▸ EXERCISE DATA:
--------------------
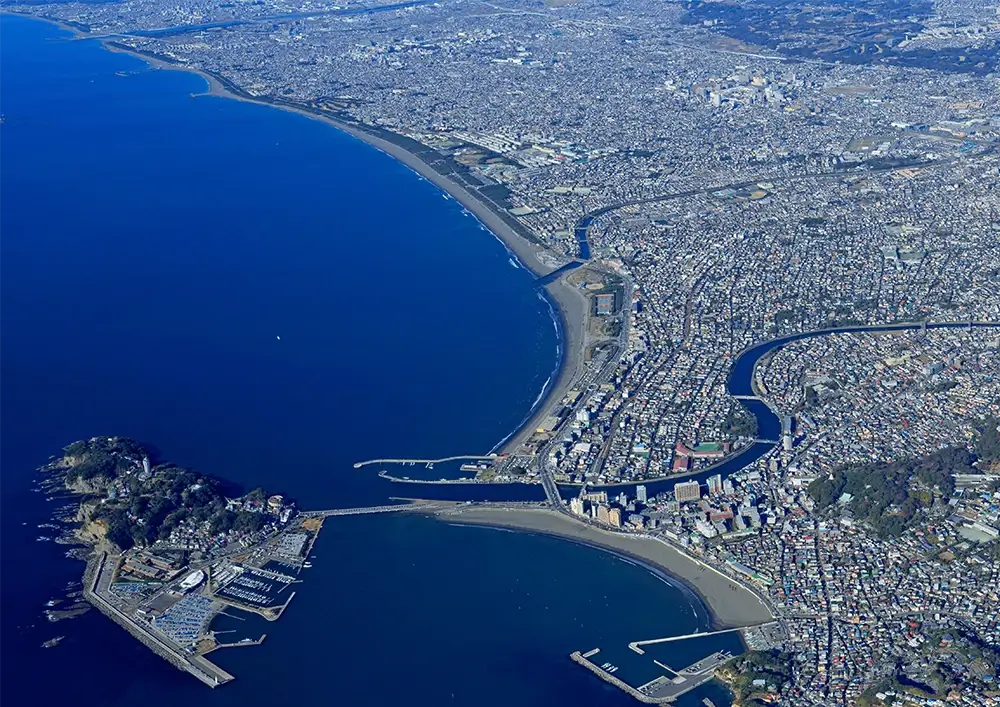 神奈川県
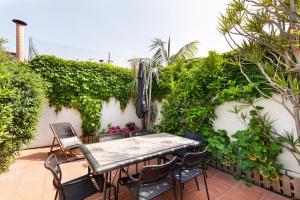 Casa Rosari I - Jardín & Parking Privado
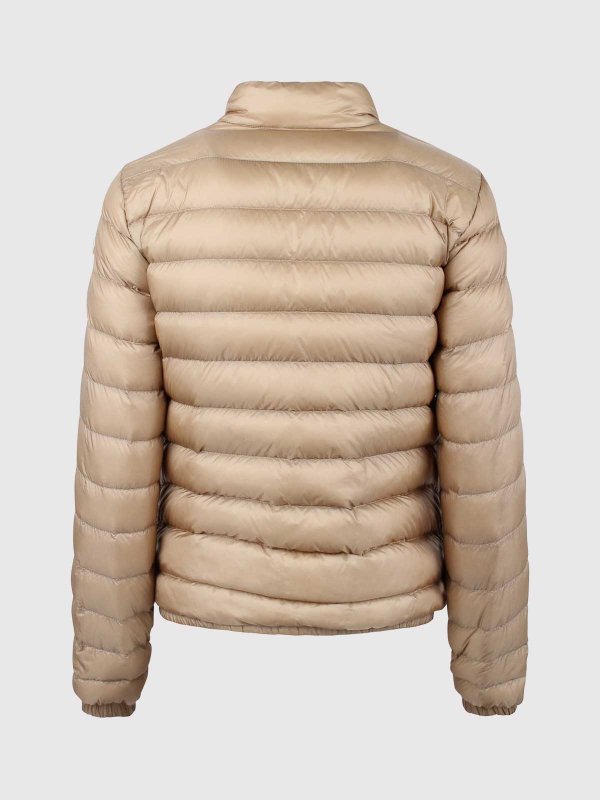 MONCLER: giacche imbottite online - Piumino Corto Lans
--------------------
▸ TRY IT:
If the data includes images, skip them and copy every line exactly.

▸ SOLVED PROBLEM:
 神奈川県
 Casa Rosari I - Jardín & Parking Privado
 MONCLER: giacche imbottite online - Piumino Corto Lans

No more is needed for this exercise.